Trecho retirado do livro “Uma Teoria da Justiça” de John Rawls, filósofo político americano (1921-2002)
“Nós acreditamos que cada pessoa que entra em nosso estabelecimento é um gênio que merece encontrar uma vocação que mudará o mundo. Se você não acredita nisso, você não tem direito de estar dentro de uma Acton Academy,” Sandefer disse. “E isso significa cada pai ou mãe, cada guia … [e] cada estudante. Sandefer logo observa que sua definição de gênio implica mais do que a inteligência de uma pessoa. “Uma das grandes lições a respeito da Acton Academy é que o QI importa … mas a perseverança, a coragem e a gentileza importam mais,” ele disse.
Trecho retirado do site www.phylantropyroundtable.org a respeito de Jeff Sanderfer, o cofundador de uma rede de escolas inovadoras para alunos da pré-escola ao ensino médio, a Acton Academy, que estimula os alunos a serem estudantes curiosos e independentes para a vida toda.

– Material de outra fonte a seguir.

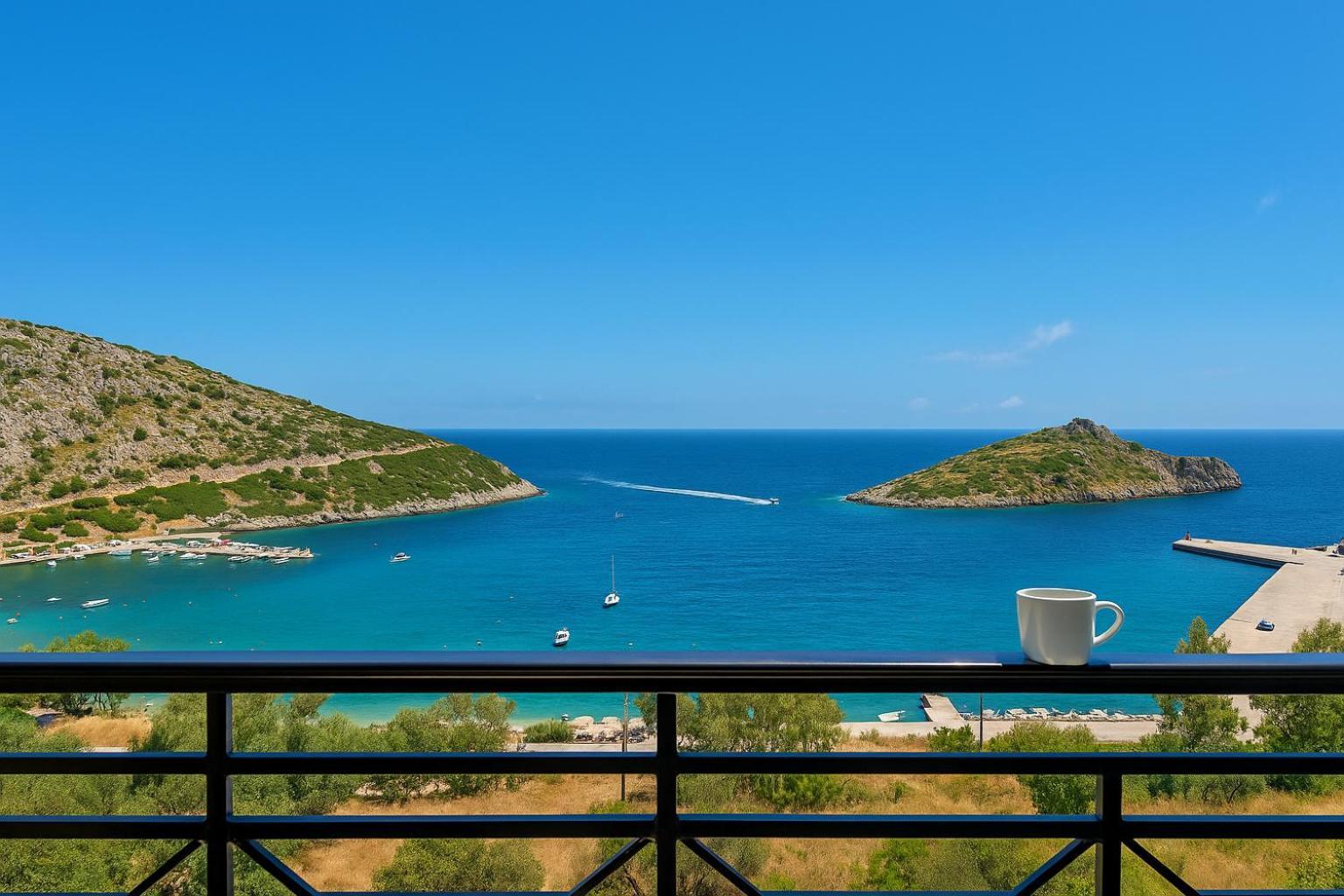 Coastal Paradise Found - Komis' Private Pool Retreat 아기오스니콜라우스 외부 사진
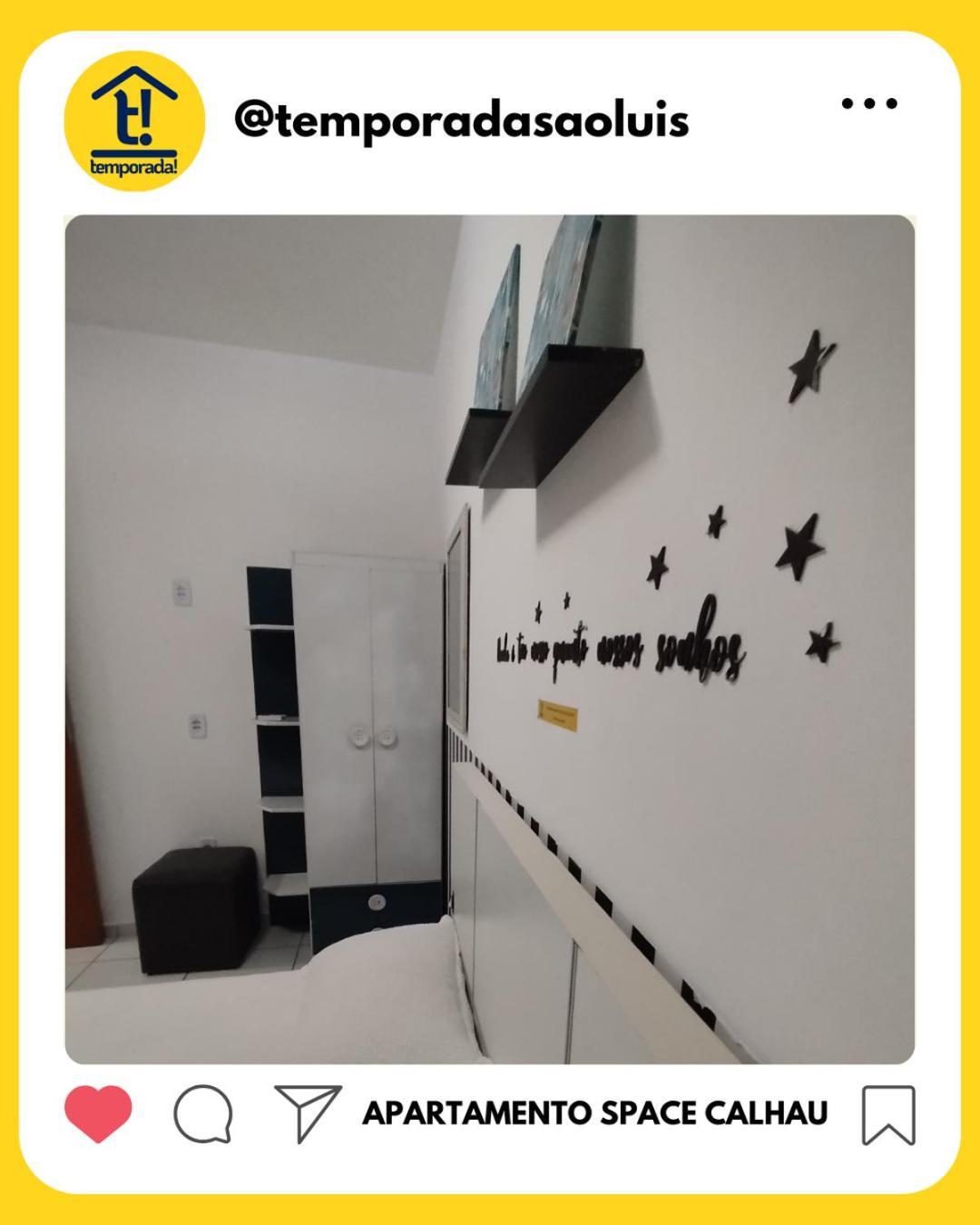 Apartamento Space Calhau Sao Luis  Luaran gambar
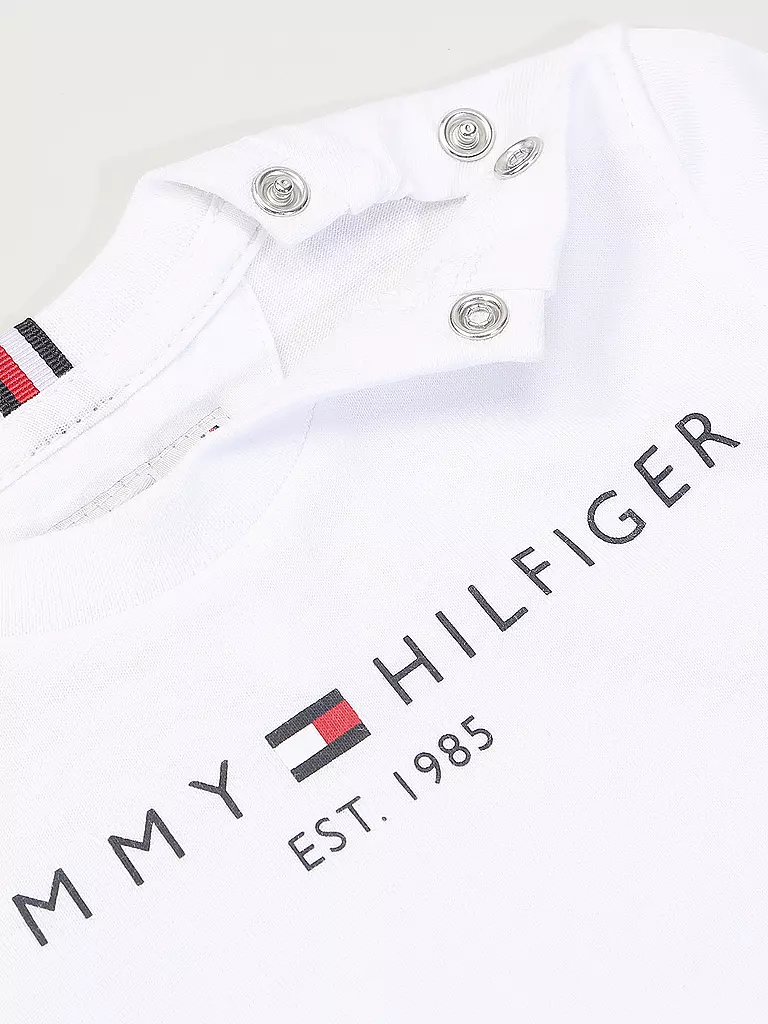 TOMMY HILFIGER | Jungen T-Shirt | weiss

Prezados leitores, na semana passada eu abordei parte das razões que John Rawls dá para considerar que sua concepção de justiça é superior à concepção utilitarista, porque ela facilita o comprometimento de todos os indivíduos com a ordem social, fazendo com que obedeçam mais facilmente e por mais tempo as regras porque sabem que o modo como a sociedade está organizada permite que eles obtenham a satisfação dos seus interesses, os quais não serão sacrificados em prol de um bem maior. Sob os princípios da justiça como equidade, todos têm direitos iguais, independentemente das suas habilidades naturais e adquiridas. Nesta semana, meu objetivo é explorar a resposta que John Rawls dá à pergunta: por que dar direitos iguais a todos? O que há na natureza humana que fundamenta a igualdade de direitos? A resposta a essa pergunta tornará mais clara a contraposição da justiça como equidade à justiça como balanço geral do bem gerado para a sociedade. Com isso poderei ilustrar como essa concepção se concretiza nos Estados Unidos, a terra de John Rawls, no campo educacional.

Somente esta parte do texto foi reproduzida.